The message of Marvellous is clearly to follow your dreams like Baldwin. The show wears its heart on its sleeve but like its protagonist it is disarmingly optimistic. Although it teeters on the edge of sentimentality, it’s difficult to resist an exuberant, feel-good show that accentuates the positive with such imaginative stagecraft. It tends to downplay the challenges and prejudices that Baldwin would have encountered, though it does touch briefly on the abuse he suffered at school and the football ground, as well as his exploitation in the circus. There is also a brief discussion about when banter slides into bullying and whether people are laughing with or at him – but the always upbeat Baldwin says he doesn’t mind as long as he brings them fun.
Suzanne Ahmet and Michael Hugo. Photo credit: Craig Sugden.
The most moving part of the show is when Baldwin’s elderly mother Mary, aware that her health may fail, persuades him to move out to a house just down the street so that he can start to learn to live more independently as he will need to when she’s gone.
It is a brilliant idea to have several actors (all dressed similarly in knitted green tank tops, whites shirts, and ties) playing Baldwin in different phases of his story. There is a comical start with each of them saying “I’m Neil Baldwin!” in the style of “I’m Spartacus!”/“I’m Brian!” before the “Real Neil” stands up from a seat in the stalls and takes over the direction of the show – like Baldwin taking control of the narrative of his life. The meta-theatrical framing, with the actors playing “themselves” as well as roles in the play, leads to a lot of engagement with the audience.
Director Heskins has created a lively, free-flowing show, where the cast come on stage from four corners and sit at the side when not involved in the action. At times it is like organized chaos, with panto-like slapstick such as a joke umbrella squirting water over the front rows of the audience and ingredients scattered all over the stage when Baldwin’s mother tries to teach him how to cook. (The subsequent clear-up is done balletically with mops to the accompaniment of Tchaikovsky’s “Dance of the Sugar Plum Fairy”: movement director Beverley Norris-Edmunds.).
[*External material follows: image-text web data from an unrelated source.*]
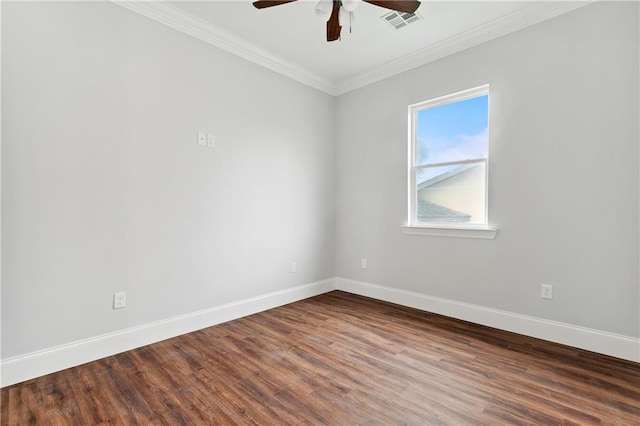 unfurnished room featuring dark hardwood / wood-style flooring, ceiling fan, and ornamental molding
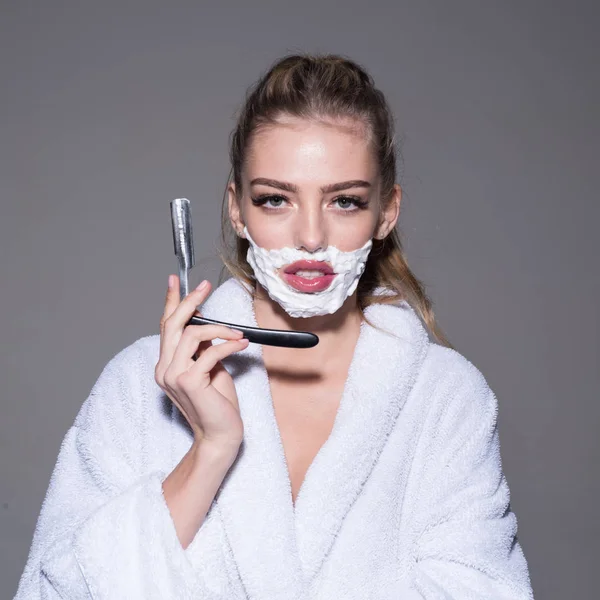 Girl on calm face wears bathrobe, grey background. Woman with face covered with foam holds straight razor in hand. Lady play with sharp blade of straight razor. Barber and shaving concept. — Stock Photo, Image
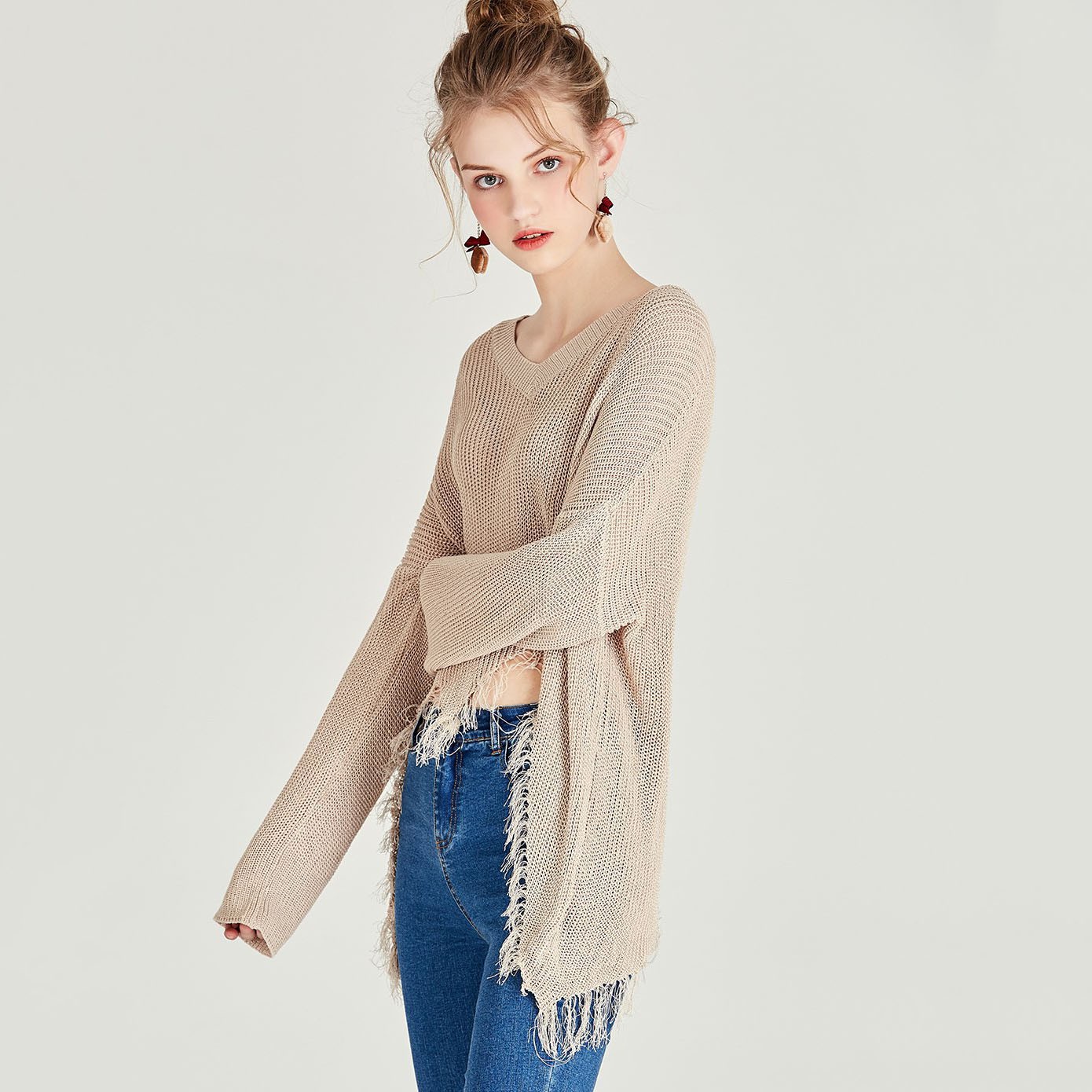 Knit women's casual V-neck hollow simple tassel hem pullover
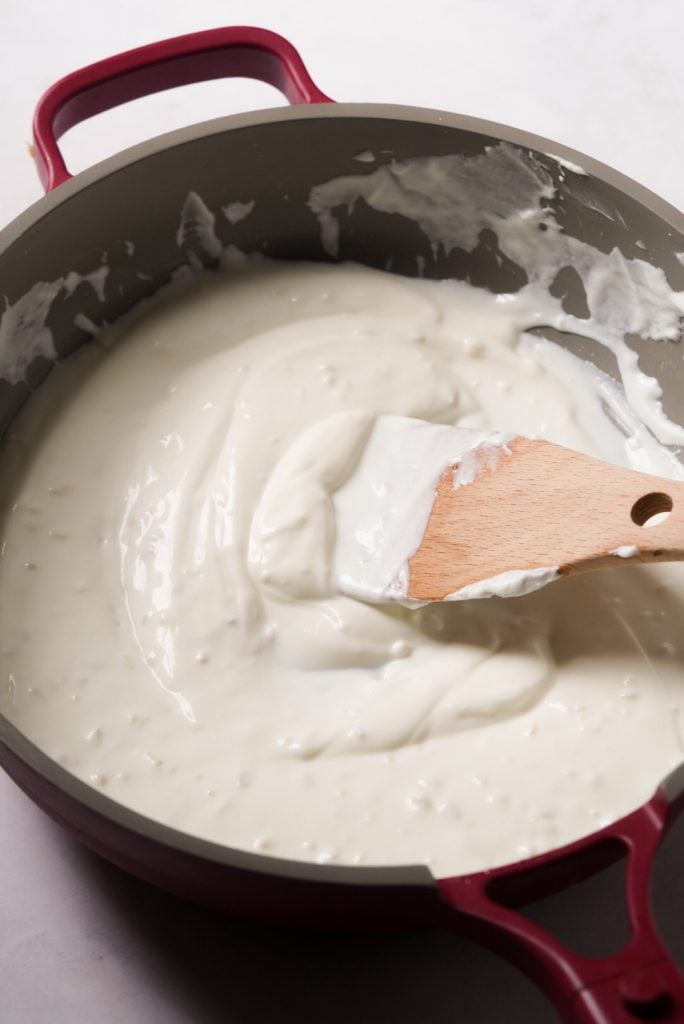 greek yogurt being stirred into healthier alfredo sauce in a pan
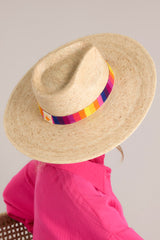 This palm hat features a cotton woven band with multicolor polka dots, and is handmade with palm fronds.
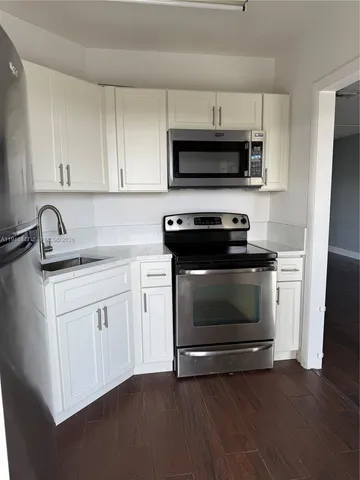 a kitchen with white cabinets stainless steel appliances and wooden floor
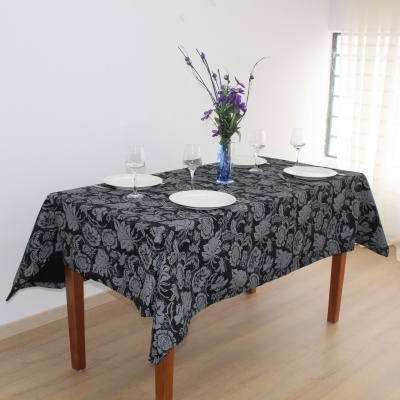 Mesa de jantar com toalha preta com padrão floral cinzento, pratos, copos e vaso com flores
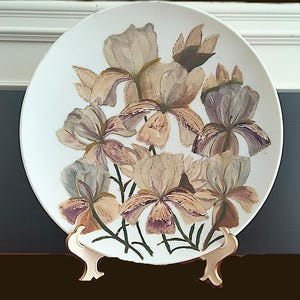 May include: A white ceramic plate featuring a hand-painted floral design of irises in shades of beige, purple, and brown. The plate is displayed on a gold-colored stand, showcasing the artwork. The flowers have green stems and leaves.
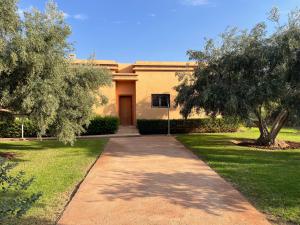 a walkway in front of a house with a tree at Olead in Aghmat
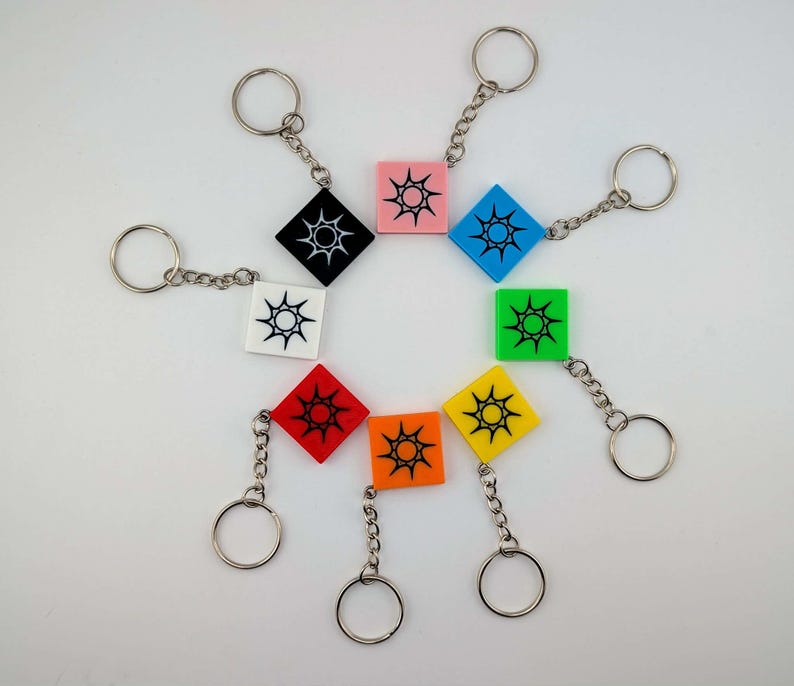 Pode incluir: Uma cole&ccedil;&atilde;o de chaveiros quadrados coloridos. Cada chaveiro apresenta um quadrado de cor diferente com um desenho de sol no centro. Os chaveiros s&atilde;o presos a argolas e correntes prateadas. Cores: preto, branco, rosa, azul, verde, amarelo, laranja e vermelho.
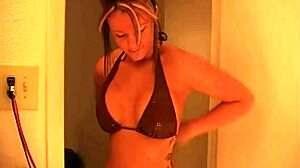 Kayden Krush applies makeup with her big boobs on display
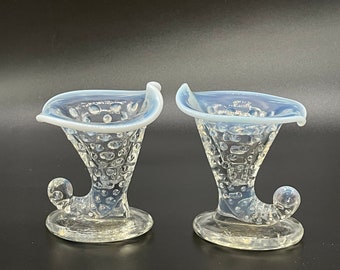 Set of two Fenton white to clear hobnail opalescent cornucopia art glass horn vases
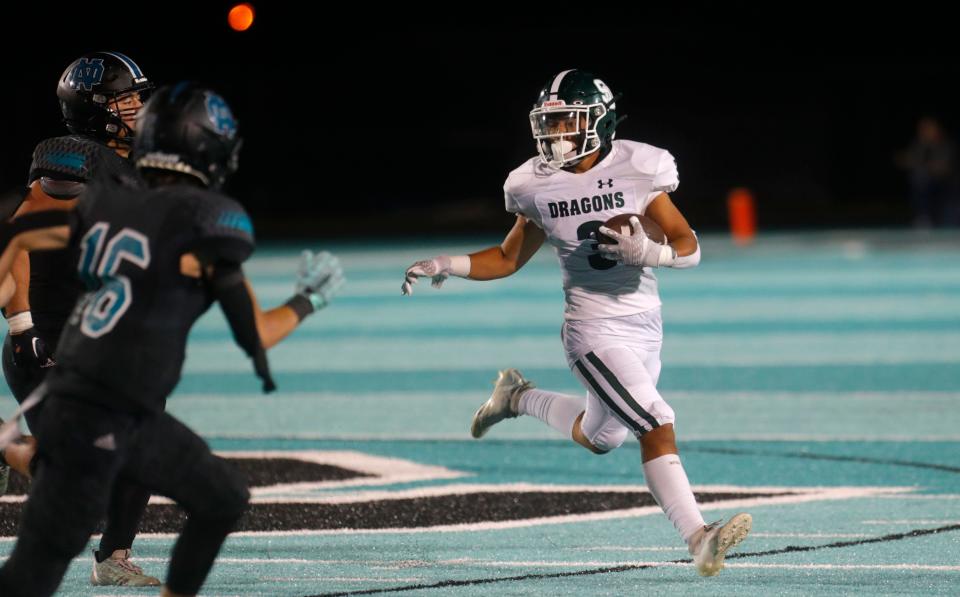 South Oldham’s Jacob Acevedo runs for a first down against North Oldham on Friday, Sept. 8, 2023.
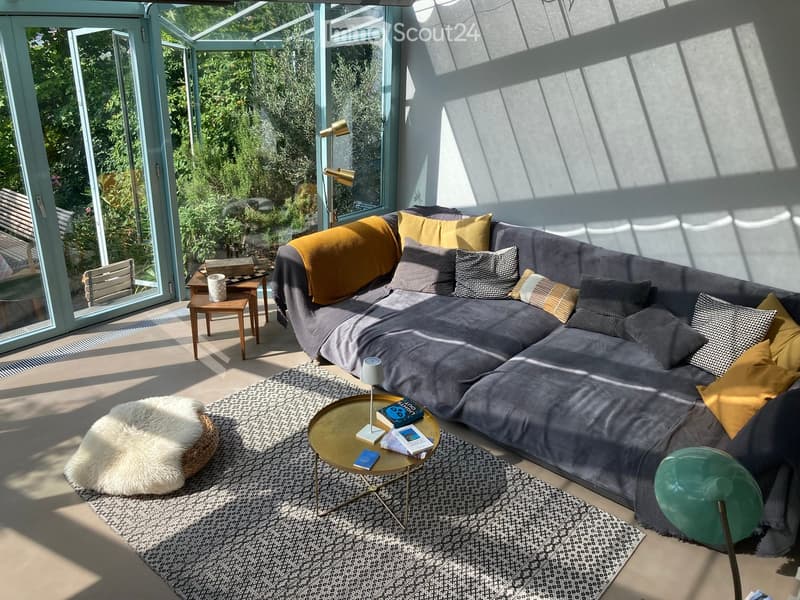 Modern living room with large windows, grey sectional sofa, colorful pillows, coffee table, side table, floor lamp, and books.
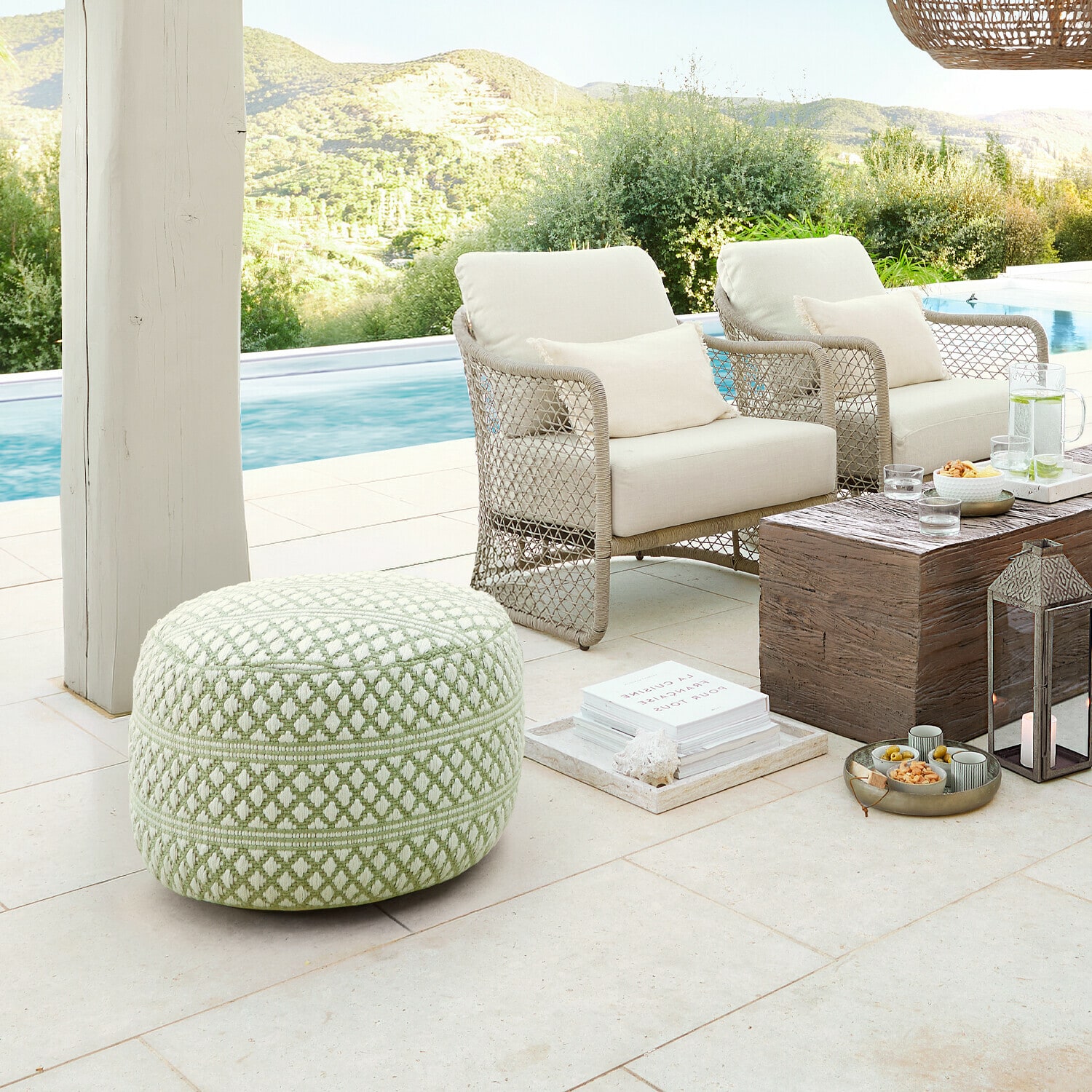 Weicher grün-weißer Stoff-Pouf mit geometrischem Muster auf Terrasse am Pool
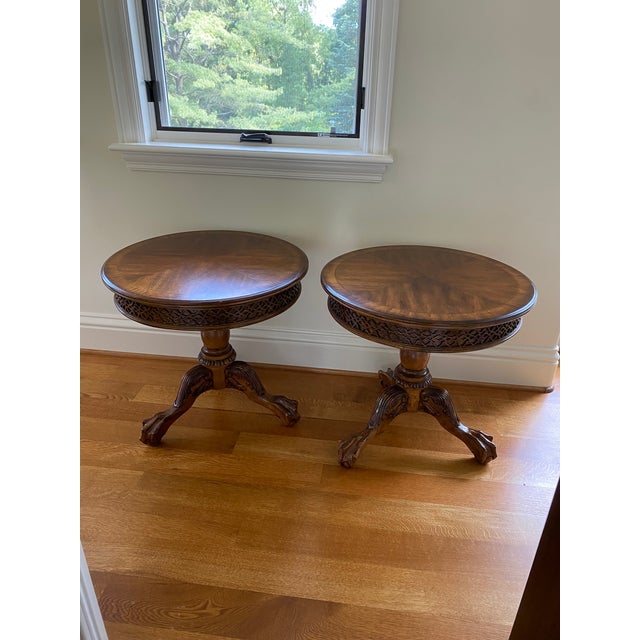 Two matching round tables featuring intricate designs. The date these were made is unknown. They were purchased in 2015.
There is even a custard pie pushed in the face, wholly appropriate for a show about a former clown.
Over the stage is suspended brightly coloured individual letters spelling ‘MARVELLOUS’ illuminated with light bulbs (designer Lis Evans). The stage itself is kept bare for most of the time except when furniture and props are needed for a particular scene (including those produced by Real Neil out of the “bag for life” that he carries around).
The neurodiverse cast perform with uninhibited energy. As Real Neil Michael Hugo is superb, capturing some of Baldwin’s way of speaking and physical mannerisms, but more importantly conveying his unaffected enthusiasm and quirky sense of humour. Everyone else multi-roles effectively, including Suzanne Ahmet as the concerned Mary who encourages her son to branch out, Gareth Cassidy hilariously taking on a multitude of accents (not to mention aping Baldwin’s chimpanzee), and Jerone Marsh-Reid athletically executing pratfalls. At the end, it turns out the really real Neil Baldwin – wearing his British Empire Medal – is in attendance and not surprisingly he receives a huge round of applause.
It may seem a bit odd that #sohoplace has opened with a transfer when the intention is to produce plays in-house, but presumably the focus has been on getting the building ready – and Marvellous is a crowd-pleasing debut. However, with new productions of As You Like It (directed by Josie Rourke) and Medea (starring Sophie Okonedo and Ben Daniels, directed by Dominic Cooke) now scheduled, there is much to look forward to at the West End’s newest theatrical asset.